En accélérant la fonte des glaciers et en modifiant la répartition des masses d’eau à la surface de notre planète, le changement climatique a modifié l’emplacement des pôles et l’axe de rotation de la Terre, selon une étude scientifique.
Quelques degrés de plus, et la Terre ne tourne plus rond. Selon une étude (en anglais) publiée mercredi 21 avril dans la revue Geophysical Research Letters, le changement climatique, et plus précisément la fonte des glaciers, a entraîné un changement de l’axe de rotation de notre planète dans les années 1990.

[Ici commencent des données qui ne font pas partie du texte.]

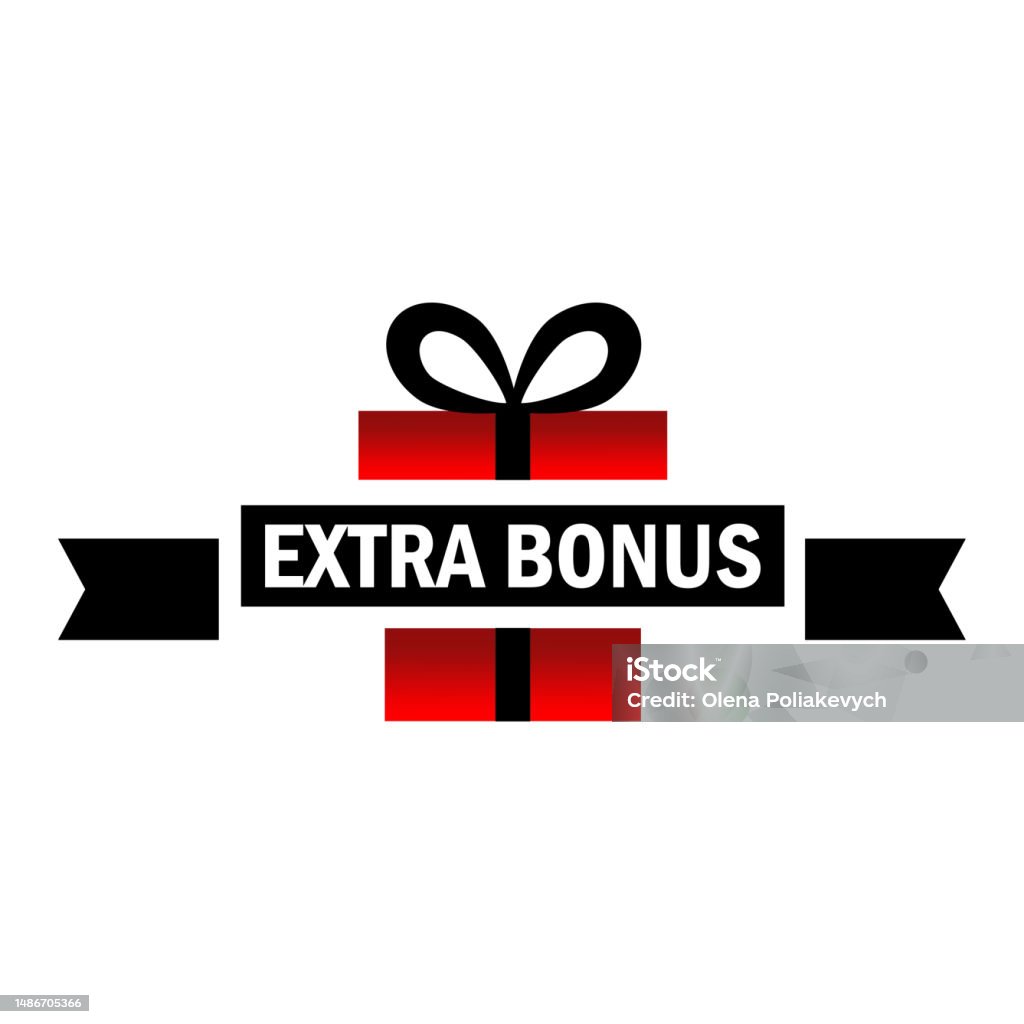 Extra Bonus Vector Extra Bonus With Gift Box Label Vector Illustration Stock Illustration ...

En plus de tourner autour du soleil, la Terre tourne sur elle-même autour de l’axe des pôles géographiques, une droite imaginaire qui relie le pôle Nord au pôle Sud. L’emplacement de ces pôles est toujours en mouvement. Mais, en 1995, la direction de la dérive polaire s’est brutalement déplacée du sud vers l’est, indique l’étude réalisée par des scientifiques de l’université de l’Académie des sciences de Chine. La dérive est également bien plus rapide depuis cette date, puisque sa vitesse moyenne entre 1995 et 2020 a été multipliée par dix-sept par rapport à celle enregistrée entre 1981 et 1995.
Parmi les facteurs de cette dérive, la répartition de l’eau à la surface de la Terre — aussi appelée stockage de l’eau sur Terre — bouleversée par le changement climatique. « La fonte plus rapide des glaces sous l’effet du réchauffement climatique est la cause la plus probable du changement de direction de la dérive polaire dans les années 1990 », indique ainsi Shanshan Deng, doctorante à l’Institut des sciences géographiques et de la recherche sur les ressources naturelles de l’université de l’Académie des sciences de Chine et autrice principale de l’étude.

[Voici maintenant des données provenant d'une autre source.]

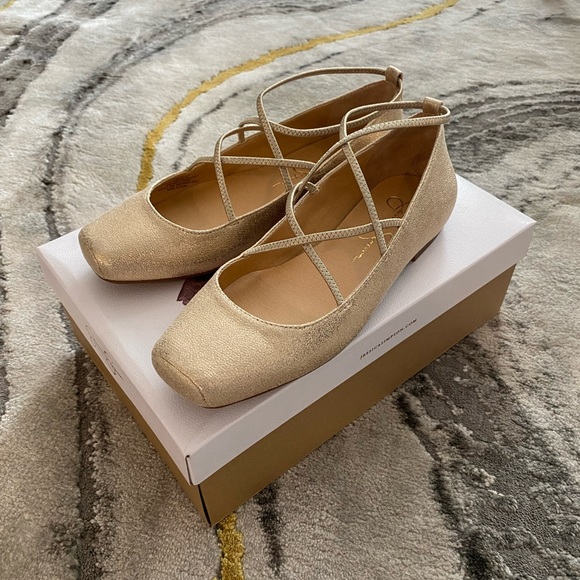 NWT Jessica Simpson Palle Gold Mary Jane Ballet Flats - Picture 6 of 11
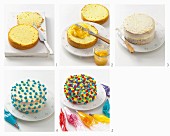 Making rainbow sponge cake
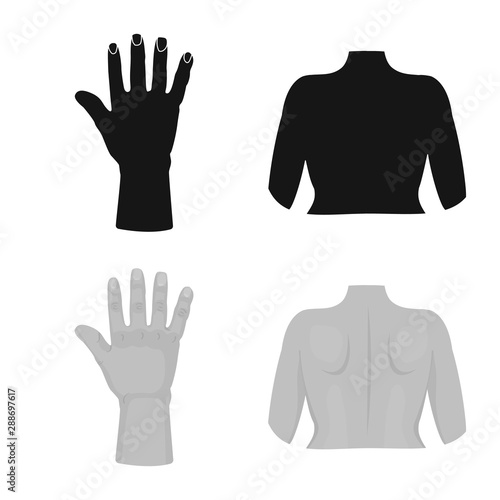 Vector illustration of body and part logo. Set of body and anatomy stock symbol for web.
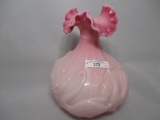 Fenton rosalene swans vase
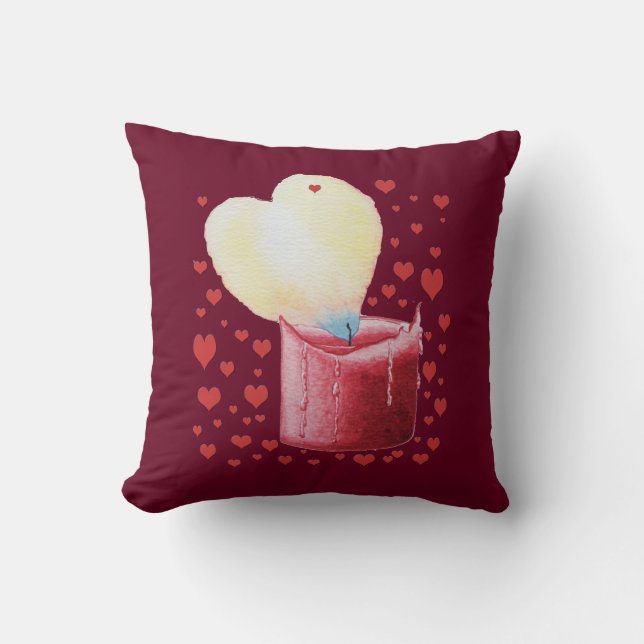 red candle with heart shaped flame romantic cushion (Front)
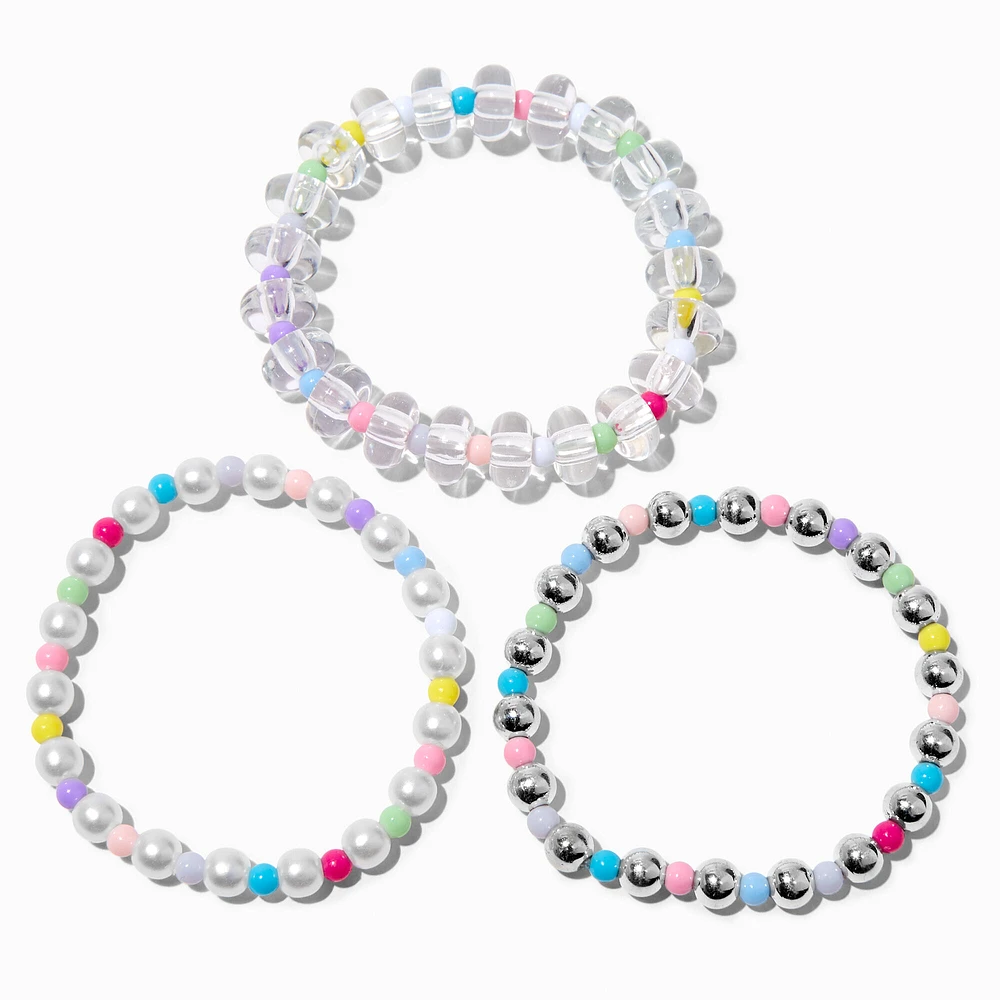 Pastel Mixed Beaded Stretch Bracelets - 3 Pack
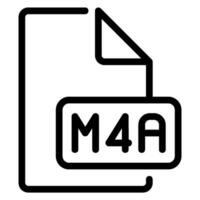 m4a linha ícone vetor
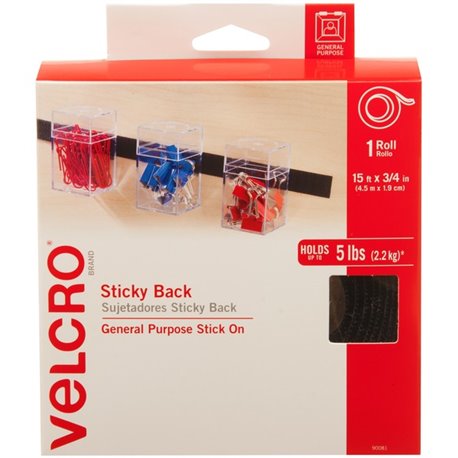 VELCRO 90081 General Purpose Sticky Back - 15 ft Length x 0.75" Width - For Mount Picture/Poster, Multi Surface - 1 / Roll - Bla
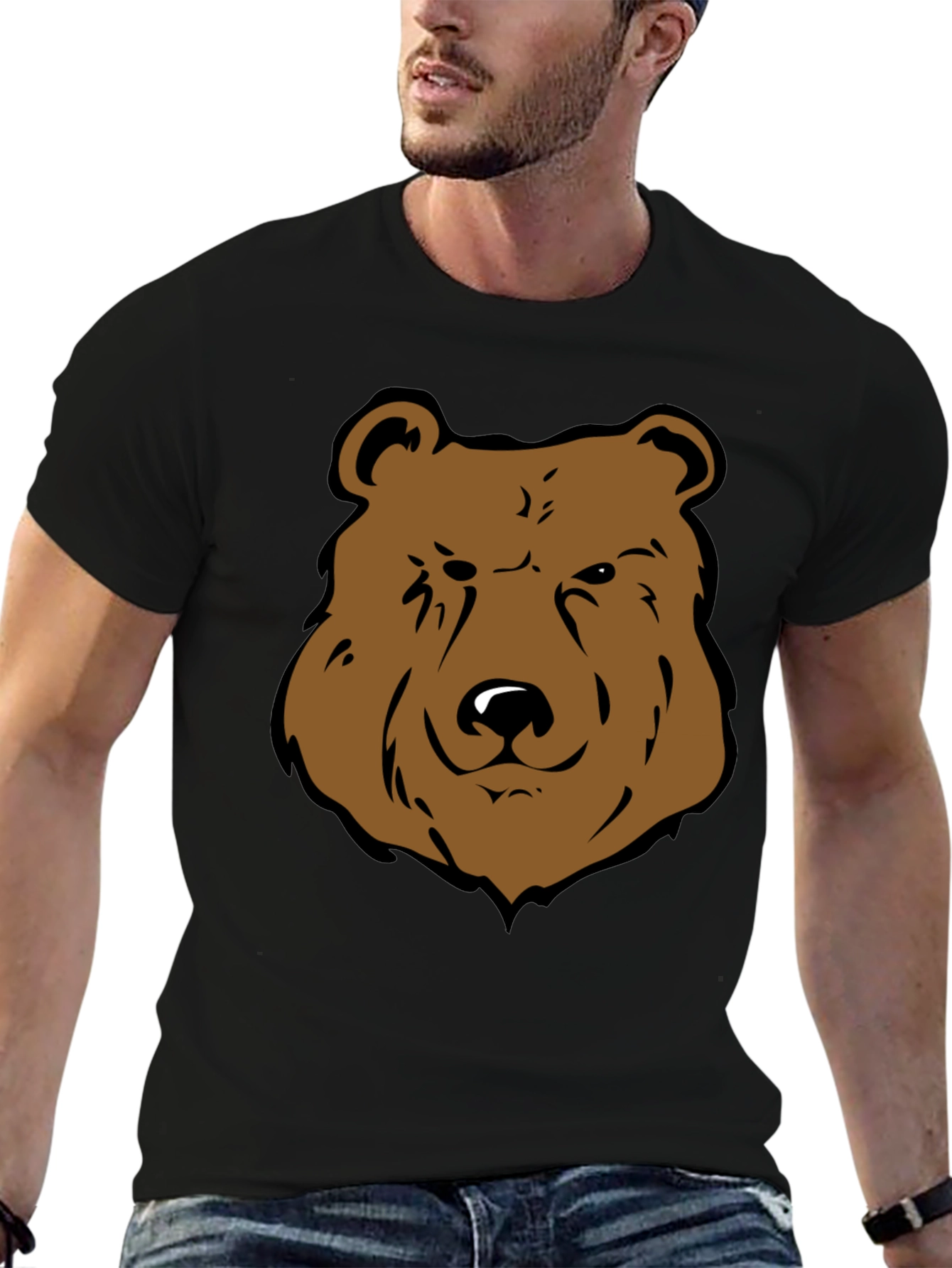 Cool Bear Graphic Tee - Black Cotton T-Shirt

Des données recueillies par satellite
La fonte des glaciers en Alaska, au Groenland, dans les Andes méridionales, en Antarctique, dans le Caucase et au Moyen-Orient s’est accélérée au milieu des années 1990, devenant le principal moteur poussant les pôles de la Terre à une dérive soudaine et rapide vers 26° E à un rythme de 3,28 millimètres (0,129 pouce) par an. L’intensité de la couleur sur la carte montre où les changements dans l’eau stockée sur Terre (principalement sous forme de glace) ont eu l’effet le plus fort sur le mouvement des pôles entre avril 2004 et juin 2020. Les graphiques en médaillon représentent le changement de la masse des glaciers (en noir) et le changement calculé de l’eau sur terre (en bleu) dans les régions où l’influence est la plus forte. Crédit : Deng et al (2021), {Geophysical Research Letters}/AGU.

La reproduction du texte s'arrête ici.